Pairwise GP for Preference Learning, Sampling Strategies.
Compatibility
* Require PyTorch >=1.5 (423).
* Require GPyTorch >=1.1.1 (425).
New Features
* Add `PairwiseGP` for preference learning with pair-wise comparison data (388).
* Add `SamplingStrategy` abstraction for sampling-based generation strategies, including
`MaxPosteriorSampling` (i.e.
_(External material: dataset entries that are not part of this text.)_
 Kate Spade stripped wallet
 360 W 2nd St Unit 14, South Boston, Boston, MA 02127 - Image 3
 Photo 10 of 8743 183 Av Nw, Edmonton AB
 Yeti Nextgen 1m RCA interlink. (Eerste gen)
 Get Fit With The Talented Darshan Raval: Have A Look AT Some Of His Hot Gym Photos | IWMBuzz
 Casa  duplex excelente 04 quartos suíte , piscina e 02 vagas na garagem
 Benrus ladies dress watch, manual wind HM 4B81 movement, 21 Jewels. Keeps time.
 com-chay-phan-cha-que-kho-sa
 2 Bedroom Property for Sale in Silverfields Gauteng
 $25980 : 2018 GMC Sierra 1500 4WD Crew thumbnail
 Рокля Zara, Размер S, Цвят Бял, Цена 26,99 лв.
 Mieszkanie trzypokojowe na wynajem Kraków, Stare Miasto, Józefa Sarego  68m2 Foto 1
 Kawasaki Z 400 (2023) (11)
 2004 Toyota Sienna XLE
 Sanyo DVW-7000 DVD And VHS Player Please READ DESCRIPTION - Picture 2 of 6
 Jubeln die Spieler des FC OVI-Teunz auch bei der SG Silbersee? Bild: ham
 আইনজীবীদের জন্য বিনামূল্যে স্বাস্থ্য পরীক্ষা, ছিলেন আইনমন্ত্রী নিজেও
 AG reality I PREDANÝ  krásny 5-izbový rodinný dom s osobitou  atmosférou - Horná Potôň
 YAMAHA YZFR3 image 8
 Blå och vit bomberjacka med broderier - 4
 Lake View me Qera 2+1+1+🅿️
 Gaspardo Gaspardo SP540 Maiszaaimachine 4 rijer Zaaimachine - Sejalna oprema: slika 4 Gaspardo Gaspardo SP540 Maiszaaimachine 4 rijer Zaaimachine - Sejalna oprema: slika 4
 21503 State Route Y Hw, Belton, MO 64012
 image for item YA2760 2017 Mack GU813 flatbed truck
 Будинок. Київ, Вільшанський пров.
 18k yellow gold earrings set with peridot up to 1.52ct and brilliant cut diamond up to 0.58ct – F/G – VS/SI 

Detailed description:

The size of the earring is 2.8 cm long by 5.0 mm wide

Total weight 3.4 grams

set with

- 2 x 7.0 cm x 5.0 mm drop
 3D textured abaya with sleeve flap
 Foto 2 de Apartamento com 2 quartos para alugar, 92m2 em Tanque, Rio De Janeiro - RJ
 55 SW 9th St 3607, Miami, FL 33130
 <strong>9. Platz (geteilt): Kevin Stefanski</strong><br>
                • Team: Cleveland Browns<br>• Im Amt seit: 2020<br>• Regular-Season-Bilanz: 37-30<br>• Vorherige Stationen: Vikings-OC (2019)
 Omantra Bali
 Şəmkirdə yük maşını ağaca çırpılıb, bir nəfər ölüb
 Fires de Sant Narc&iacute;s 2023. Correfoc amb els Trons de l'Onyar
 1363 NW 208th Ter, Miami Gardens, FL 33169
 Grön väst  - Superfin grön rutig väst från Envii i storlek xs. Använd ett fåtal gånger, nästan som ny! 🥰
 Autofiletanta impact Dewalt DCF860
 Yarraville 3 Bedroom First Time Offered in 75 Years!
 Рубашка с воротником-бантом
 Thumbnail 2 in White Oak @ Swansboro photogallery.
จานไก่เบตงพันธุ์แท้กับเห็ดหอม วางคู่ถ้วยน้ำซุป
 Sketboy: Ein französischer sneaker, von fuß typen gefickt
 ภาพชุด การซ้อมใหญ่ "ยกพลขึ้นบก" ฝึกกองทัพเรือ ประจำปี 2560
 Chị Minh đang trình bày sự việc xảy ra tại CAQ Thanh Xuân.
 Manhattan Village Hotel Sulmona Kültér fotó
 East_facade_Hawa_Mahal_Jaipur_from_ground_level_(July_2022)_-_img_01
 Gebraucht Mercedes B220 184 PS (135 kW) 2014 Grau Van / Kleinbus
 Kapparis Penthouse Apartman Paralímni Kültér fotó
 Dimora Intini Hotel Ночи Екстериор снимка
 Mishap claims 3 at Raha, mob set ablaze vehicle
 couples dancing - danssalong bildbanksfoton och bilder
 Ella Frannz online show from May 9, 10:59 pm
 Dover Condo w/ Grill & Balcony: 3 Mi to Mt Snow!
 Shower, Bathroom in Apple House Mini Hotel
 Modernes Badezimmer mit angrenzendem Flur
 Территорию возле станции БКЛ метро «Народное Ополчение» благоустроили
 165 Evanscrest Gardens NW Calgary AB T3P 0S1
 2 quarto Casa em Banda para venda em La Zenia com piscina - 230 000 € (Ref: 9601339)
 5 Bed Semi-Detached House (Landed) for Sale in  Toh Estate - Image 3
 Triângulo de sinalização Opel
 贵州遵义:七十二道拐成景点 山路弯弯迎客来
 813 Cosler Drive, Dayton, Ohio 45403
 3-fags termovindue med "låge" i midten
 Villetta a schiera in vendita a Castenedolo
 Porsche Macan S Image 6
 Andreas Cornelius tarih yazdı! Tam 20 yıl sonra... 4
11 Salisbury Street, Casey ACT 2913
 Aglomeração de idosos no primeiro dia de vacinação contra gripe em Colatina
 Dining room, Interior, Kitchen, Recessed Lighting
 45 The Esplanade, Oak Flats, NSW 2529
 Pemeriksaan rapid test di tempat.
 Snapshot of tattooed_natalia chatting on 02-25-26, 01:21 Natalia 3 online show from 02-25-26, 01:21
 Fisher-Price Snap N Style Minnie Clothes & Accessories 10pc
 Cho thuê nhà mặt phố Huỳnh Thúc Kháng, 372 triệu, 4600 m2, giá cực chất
Thompson Sampling) and `BoltzmannSampling` (218, 407).
Deprecations
* The existing `botorch.gen` module is moved to `botorch.generation.gen` and imports
from `botorch.gen` will raise a warning (an error in the next release) (218).
Bug fixes
* Fix & update a number of tutorials (394, 398, 393, 399, 403).
* Fix CUDA tests (404).
* Fix sobol maxdim limitation in `prune_baseline` (419).
Other changes
* Better stopping criteria for stochastic optimization (392).
* Improve numerical stability of `LinearTruncatedFidelityKernel` (409).
* Allow batched `best_f` in `qExpectedImprovement` and `qProbabilityOfImprovement`
(411).
* Introduce new logger framework (412).
* Faster indexing in some situations (414).
* More generic `BaseTestProblem` (9e604fe2188ac85294c143d249872415c4d95823).